Your iPhone Does NOT Use More Power Than a Fridge

Not too long ago we were marveling about how the iPhone 5 only consumed ~$0.41 per year to charge, with the conclusion that “energy consumption of a modern smartphone is minuscule”. But phone charging is only part of the picture, and as we factor in the migration to wireless networks and cloud, that smartphone uses more energy than TWO refrigerators!

The new report from IEEE Spectrum notes that all of the transitions occuring as we move from a world of desktops and landlines to a 3-screen world of laptop-tablet-smartphone require more energy.

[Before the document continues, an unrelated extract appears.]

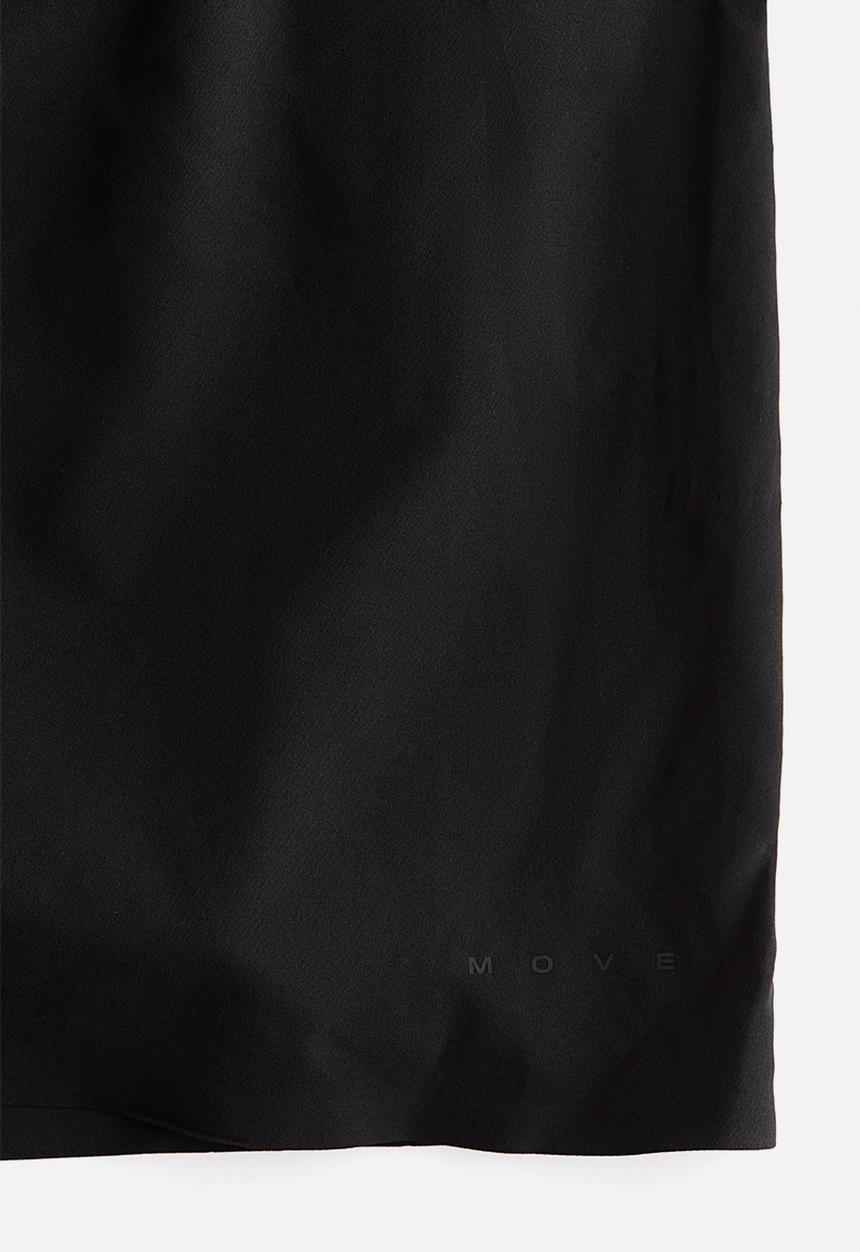 H&M - Layered sports shorts with pocket - black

I have seen this information twisted in the past week to say that phones use more power than household appliances. That, as noted, is silly – and the reason for the image. Even the most efficient new Energy Star large double-door fridge costs close to $100 per year in power.

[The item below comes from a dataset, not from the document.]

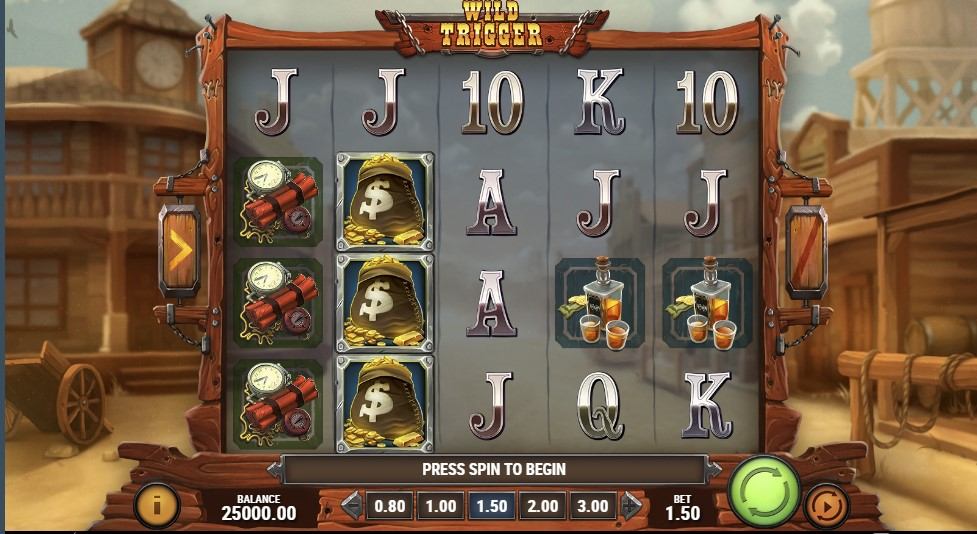 Wild Trigger Slot Gameplay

So what does this data mean?

As we have moved our phones from wired landlines to wireless landlines to analog cell phones to 3G and 4G, the required infrastructure and power has exploded. Data network ranges are smaller and require more power, meaning we need more towers and transmitters to feed existing customers as they upgrade. And as more and more people buy smartphones, this means more network bandwidth and power requirements, which continue to expand the need for power.

The same is true as we have moved away from wired data connections for tablets and laptops. Our base stations and expanders at home consume considerable power, and as we move more and more of our data to Cloud storage it requires huge server farms and massive data centers – all of which means more power and infrastructure. And guess what? Cloud means wireless – so you need more wireless bandwidth and power to feed that as well!

In the end you take something that costs my family less to charge in a year than to buy a single Dunkin’ Donuts coffee – and it ends up being a huge burden on the natural resources of the world.

Here are a few more findings:

•The global ICT ecosystem uses about 1500 terawatt-hours of electricity annually, which is equal to the electricity used by Japan and Germany combined. That figure will increase as cloud architecture overtakes wired networks.
•This growth is also driven by “revolutions in everything from healthcare to cars, and from factories to farms.”
•A 50-megawatt enterprise data center in Iowa that gets 70 percent of its energy from coal and 25 percent from wind will cost $350 million less to run over its lifetime compared with one in California, with no coal in its energy mix.
•However, environmental regulations could eliminate the favored position coal enjoys because of its low cost. For instance, U.S. President Barack Obama has called for existing coal-fired power plants to meet more stringent greenhouse gas emissions standards.
•In India (the second largest mobile market after China), 75 percent of rural and 33 percent of urban cellphone base stations will need to run on alternative energy by 2020.

This holistic look at power consumption takes us out of our comfort zone – it felt a lot better thinking that whether we bought Apple or Samsung we’d be using well under $1 a year in power. However, the reality is that for all of our choices and changes there are outcomes and consequences.